What is the number of lines in the listing below that contain the string "with"? Give that number only.
────────
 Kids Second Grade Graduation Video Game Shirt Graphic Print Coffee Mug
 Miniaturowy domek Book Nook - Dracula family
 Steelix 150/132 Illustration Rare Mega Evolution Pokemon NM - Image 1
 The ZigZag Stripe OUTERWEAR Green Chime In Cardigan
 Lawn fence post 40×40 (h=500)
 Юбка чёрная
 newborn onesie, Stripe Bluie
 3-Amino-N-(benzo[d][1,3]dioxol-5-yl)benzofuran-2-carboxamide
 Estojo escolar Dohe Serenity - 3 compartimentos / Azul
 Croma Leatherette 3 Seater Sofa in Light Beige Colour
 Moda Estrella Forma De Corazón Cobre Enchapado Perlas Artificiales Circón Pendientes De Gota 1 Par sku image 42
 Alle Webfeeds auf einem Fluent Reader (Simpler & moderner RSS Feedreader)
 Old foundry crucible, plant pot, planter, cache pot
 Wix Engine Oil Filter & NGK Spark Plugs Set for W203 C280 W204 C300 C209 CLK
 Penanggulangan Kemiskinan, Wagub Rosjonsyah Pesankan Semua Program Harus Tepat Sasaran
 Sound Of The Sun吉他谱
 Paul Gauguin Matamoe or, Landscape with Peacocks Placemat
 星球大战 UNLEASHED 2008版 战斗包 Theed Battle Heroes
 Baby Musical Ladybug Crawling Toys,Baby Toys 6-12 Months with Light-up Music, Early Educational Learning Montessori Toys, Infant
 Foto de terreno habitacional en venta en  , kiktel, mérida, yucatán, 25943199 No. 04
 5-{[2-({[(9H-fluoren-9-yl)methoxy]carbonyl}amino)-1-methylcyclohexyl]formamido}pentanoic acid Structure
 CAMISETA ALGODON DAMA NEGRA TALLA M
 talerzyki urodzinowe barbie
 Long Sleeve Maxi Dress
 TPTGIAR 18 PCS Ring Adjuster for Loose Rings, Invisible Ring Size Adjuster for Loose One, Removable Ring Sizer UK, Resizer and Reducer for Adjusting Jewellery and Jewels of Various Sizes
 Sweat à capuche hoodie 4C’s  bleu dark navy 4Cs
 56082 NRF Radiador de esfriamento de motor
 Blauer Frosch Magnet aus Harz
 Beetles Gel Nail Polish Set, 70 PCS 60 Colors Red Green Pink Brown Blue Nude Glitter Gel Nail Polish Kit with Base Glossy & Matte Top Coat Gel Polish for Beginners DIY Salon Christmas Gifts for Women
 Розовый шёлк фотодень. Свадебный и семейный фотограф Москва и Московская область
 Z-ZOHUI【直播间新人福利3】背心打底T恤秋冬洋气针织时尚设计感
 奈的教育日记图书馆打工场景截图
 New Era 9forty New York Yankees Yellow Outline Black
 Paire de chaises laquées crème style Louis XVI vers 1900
────────
**Answer to this problem**: 3